§ Problem requirements: Write out exactly what each line says, starting with the first line below and ending on the one with "istock coastline with".

Short descriptive text snippets:
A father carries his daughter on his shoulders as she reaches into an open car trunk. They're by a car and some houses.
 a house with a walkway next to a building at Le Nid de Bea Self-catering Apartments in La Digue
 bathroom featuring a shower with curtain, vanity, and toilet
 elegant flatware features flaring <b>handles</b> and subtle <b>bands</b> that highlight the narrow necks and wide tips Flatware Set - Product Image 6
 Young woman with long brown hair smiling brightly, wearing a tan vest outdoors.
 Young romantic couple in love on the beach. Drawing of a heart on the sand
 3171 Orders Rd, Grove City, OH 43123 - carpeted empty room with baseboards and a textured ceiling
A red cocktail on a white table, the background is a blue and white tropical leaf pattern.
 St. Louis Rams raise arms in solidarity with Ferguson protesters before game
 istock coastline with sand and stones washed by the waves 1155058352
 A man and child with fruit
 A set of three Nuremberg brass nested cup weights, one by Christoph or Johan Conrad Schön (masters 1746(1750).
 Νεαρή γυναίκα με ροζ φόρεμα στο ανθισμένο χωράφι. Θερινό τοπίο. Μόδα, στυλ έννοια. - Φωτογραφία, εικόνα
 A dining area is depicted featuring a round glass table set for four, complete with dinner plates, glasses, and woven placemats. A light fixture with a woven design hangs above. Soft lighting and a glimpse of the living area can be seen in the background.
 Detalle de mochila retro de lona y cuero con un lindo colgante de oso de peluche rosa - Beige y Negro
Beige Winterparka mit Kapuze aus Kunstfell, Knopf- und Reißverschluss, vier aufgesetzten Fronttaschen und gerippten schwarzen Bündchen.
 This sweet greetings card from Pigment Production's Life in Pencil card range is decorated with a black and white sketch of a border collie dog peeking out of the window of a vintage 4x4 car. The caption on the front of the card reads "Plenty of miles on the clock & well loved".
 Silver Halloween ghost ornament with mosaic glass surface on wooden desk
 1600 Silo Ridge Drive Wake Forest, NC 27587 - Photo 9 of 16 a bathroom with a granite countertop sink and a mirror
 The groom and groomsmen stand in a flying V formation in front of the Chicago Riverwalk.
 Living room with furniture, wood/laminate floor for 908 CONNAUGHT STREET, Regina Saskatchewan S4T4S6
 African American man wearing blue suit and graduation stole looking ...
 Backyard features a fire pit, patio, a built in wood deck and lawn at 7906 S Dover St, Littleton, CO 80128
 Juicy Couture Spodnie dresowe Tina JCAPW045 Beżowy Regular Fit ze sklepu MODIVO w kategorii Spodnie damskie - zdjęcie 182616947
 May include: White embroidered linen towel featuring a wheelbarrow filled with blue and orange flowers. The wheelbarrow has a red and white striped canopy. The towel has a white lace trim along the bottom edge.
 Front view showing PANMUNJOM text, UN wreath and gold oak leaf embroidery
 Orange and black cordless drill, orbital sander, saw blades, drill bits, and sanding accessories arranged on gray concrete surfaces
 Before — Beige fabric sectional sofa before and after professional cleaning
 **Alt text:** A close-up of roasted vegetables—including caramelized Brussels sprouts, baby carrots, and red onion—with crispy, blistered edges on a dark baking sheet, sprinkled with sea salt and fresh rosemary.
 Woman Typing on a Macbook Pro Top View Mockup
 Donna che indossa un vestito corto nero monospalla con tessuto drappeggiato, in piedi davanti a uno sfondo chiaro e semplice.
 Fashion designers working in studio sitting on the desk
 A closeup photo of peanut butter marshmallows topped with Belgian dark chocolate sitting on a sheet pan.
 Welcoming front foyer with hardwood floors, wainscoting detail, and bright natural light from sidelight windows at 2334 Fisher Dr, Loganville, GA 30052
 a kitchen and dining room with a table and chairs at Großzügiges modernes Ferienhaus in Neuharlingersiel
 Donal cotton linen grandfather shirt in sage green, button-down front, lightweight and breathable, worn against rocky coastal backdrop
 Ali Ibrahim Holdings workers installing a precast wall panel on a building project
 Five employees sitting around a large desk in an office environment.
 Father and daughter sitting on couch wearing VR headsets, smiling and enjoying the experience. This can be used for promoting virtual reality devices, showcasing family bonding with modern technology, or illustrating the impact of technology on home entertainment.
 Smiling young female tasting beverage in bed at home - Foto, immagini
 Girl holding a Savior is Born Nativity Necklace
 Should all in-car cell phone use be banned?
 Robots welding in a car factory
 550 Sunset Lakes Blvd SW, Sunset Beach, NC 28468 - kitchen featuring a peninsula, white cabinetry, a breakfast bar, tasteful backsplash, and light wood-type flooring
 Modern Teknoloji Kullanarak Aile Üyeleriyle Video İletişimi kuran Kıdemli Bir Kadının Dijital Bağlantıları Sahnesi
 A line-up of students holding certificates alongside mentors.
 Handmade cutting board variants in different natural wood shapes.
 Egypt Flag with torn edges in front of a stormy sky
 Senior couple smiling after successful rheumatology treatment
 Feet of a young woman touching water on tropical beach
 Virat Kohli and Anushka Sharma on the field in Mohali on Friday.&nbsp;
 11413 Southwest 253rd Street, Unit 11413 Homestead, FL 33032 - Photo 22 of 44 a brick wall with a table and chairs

§ Response for this exercise:
A father carries his daughter on his shoulders as she reaches into an open car trunk. They're by a car and some houses.
 a house with a walkway next to a building at Le Nid de Bea Self-catering Apartments in La Digue
 bathroom featuring a shower with curtain, vanity, and toilet
 elegant flatware features flaring <b>handles</b> and subtle <b>bands</b> that highlight the narrow necks and wide tips Flatware Set - Product Image 6
 Young woman with long brown hair smiling brightly, wearing a tan vest outdoors.
 Young romantic couple in love on the beach. Drawing of a heart on the sand
 3171 Orders Rd, Grove City, OH 43123 - carpeted empty room with baseboards and a textured ceiling
A red cocktail on a white table, the background is a blue and white tropical leaf pattern.
 St. Louis Rams raise arms in solidarity with Ferguson protesters before game
 istock coastline with sand and stones washed by the waves 1155058352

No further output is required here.